What to work on |
Print the listing from its top line through the line containing "Abstract background. Pedestrians", nothing more, and leave out the pictures.

Source material |
^^^^

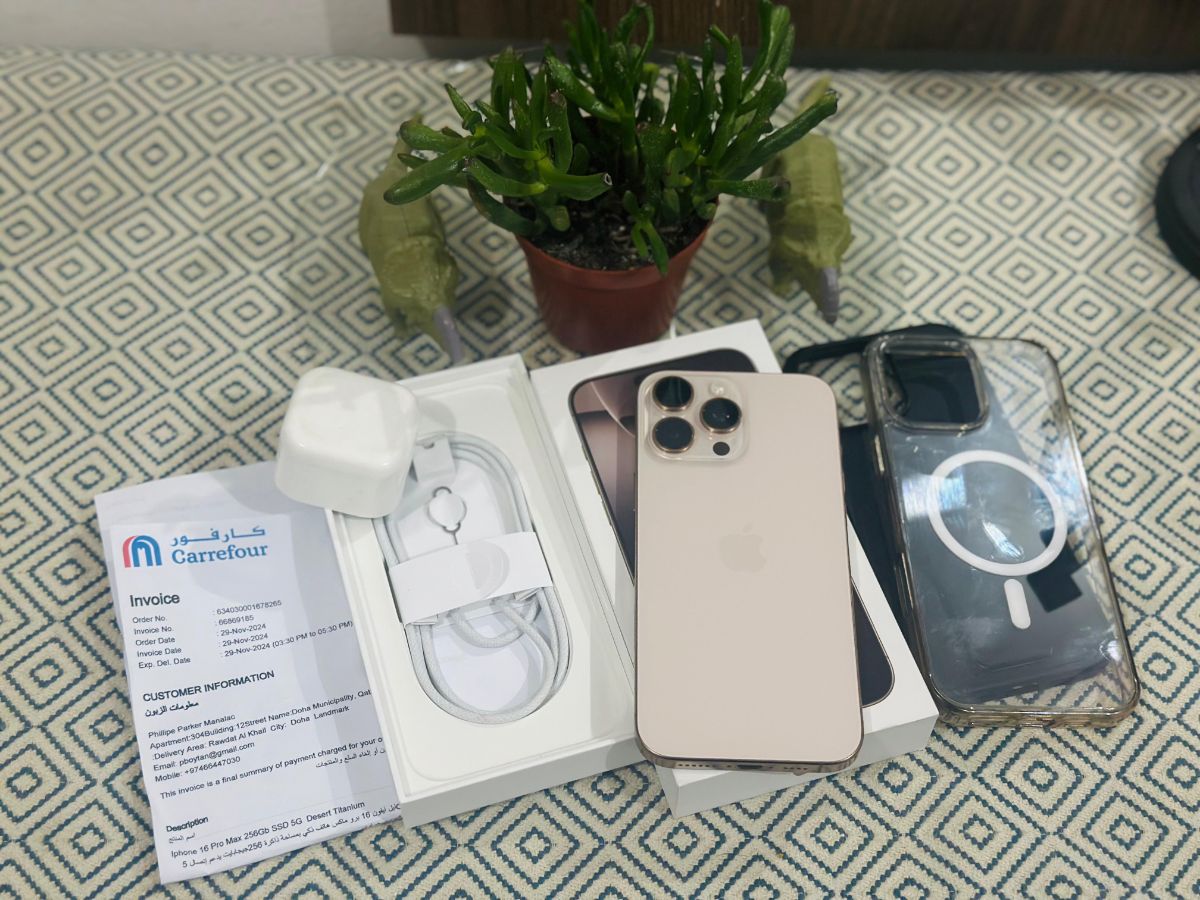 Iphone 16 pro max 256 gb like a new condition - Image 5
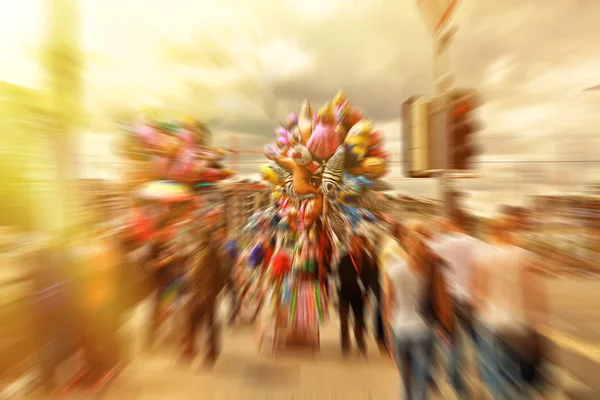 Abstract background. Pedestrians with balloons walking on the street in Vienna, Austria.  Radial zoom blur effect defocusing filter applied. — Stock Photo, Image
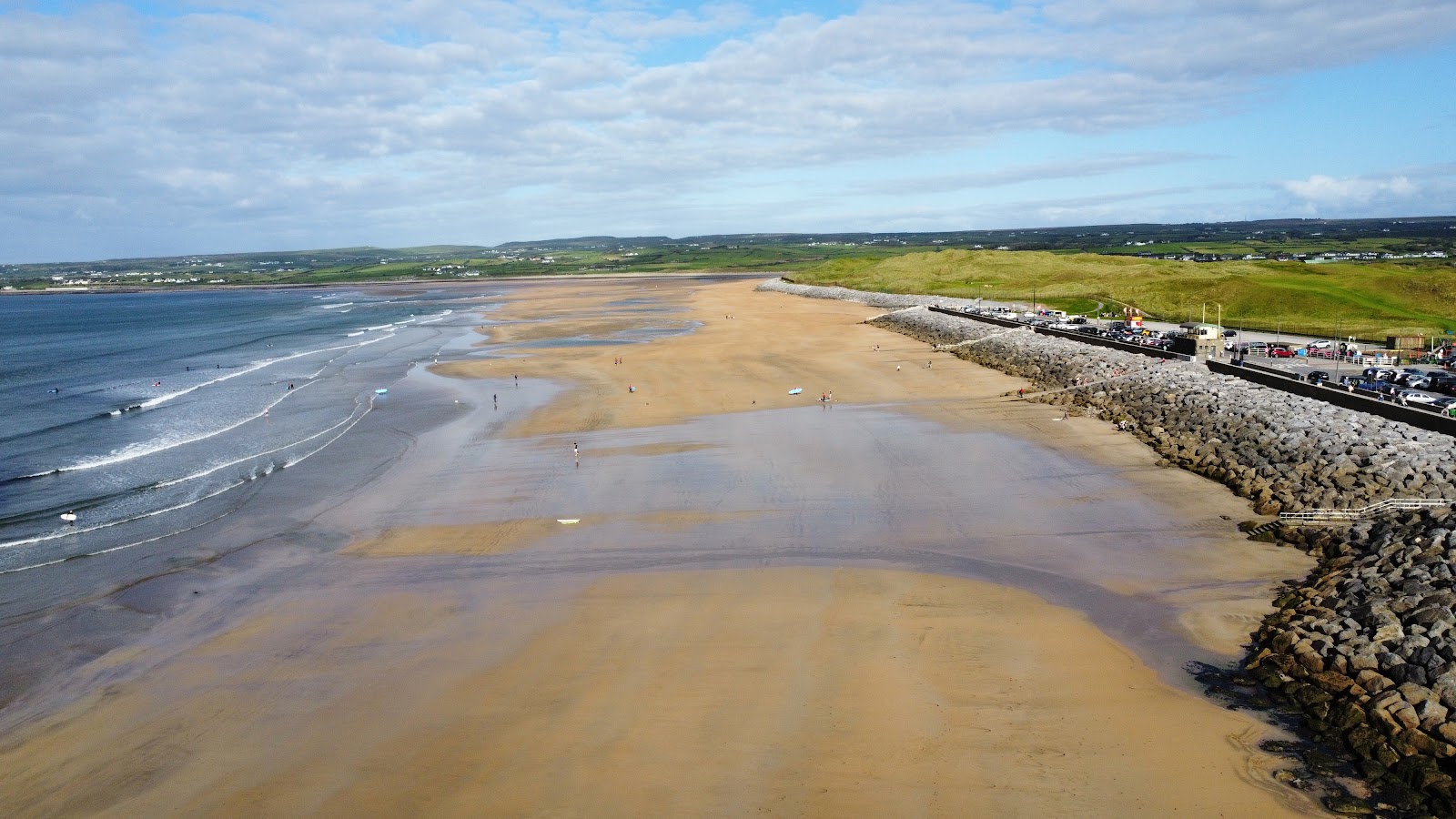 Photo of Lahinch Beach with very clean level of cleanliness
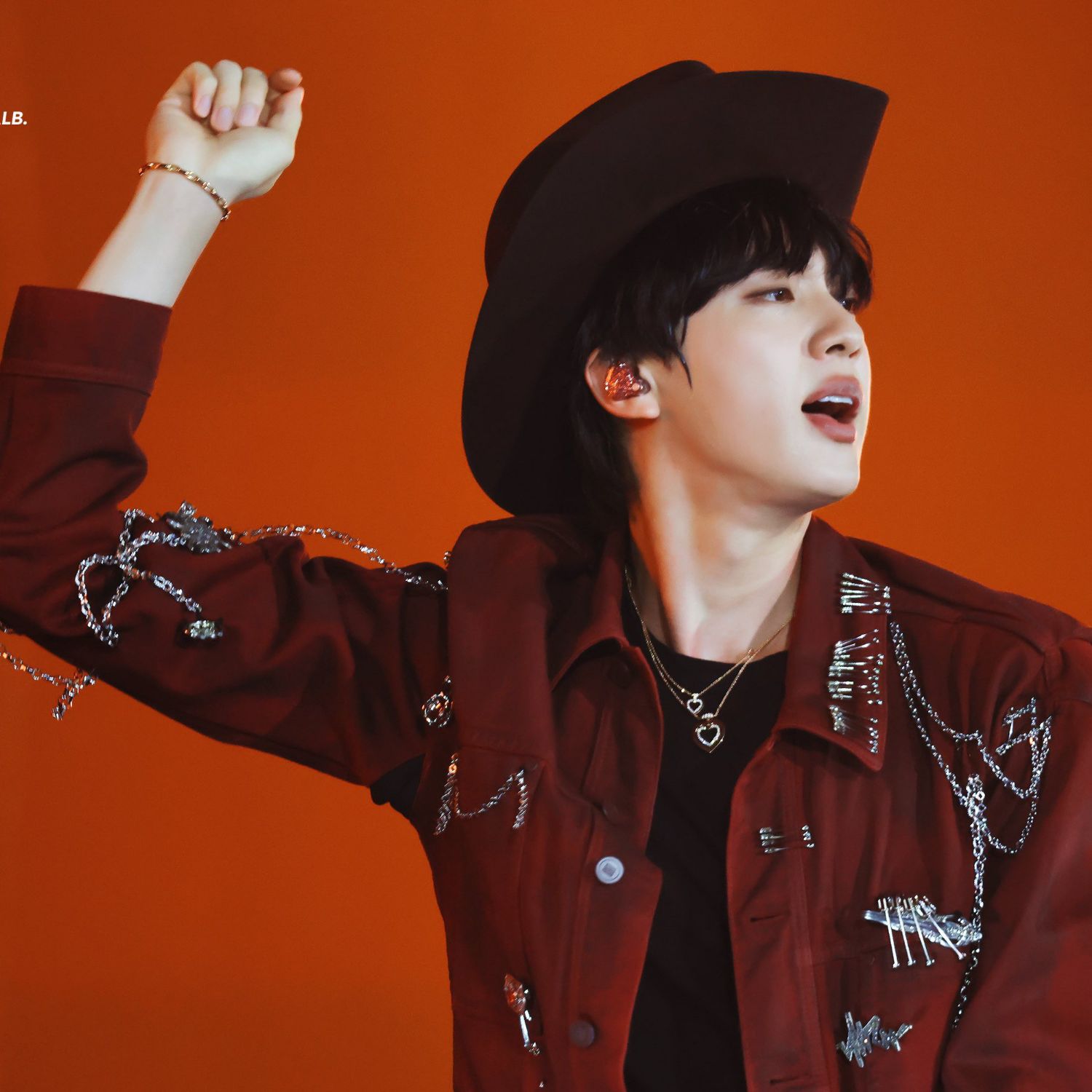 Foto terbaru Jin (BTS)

^^^^

Answer |
 Iphone 16 pro max 256 gb like a new condition - Image 5
 Abstract background. Pedestrians with balloons walking on the street in Vienna, Austria.  Radial zoom blur effect defocusing filter applied. — Stock Photo, Image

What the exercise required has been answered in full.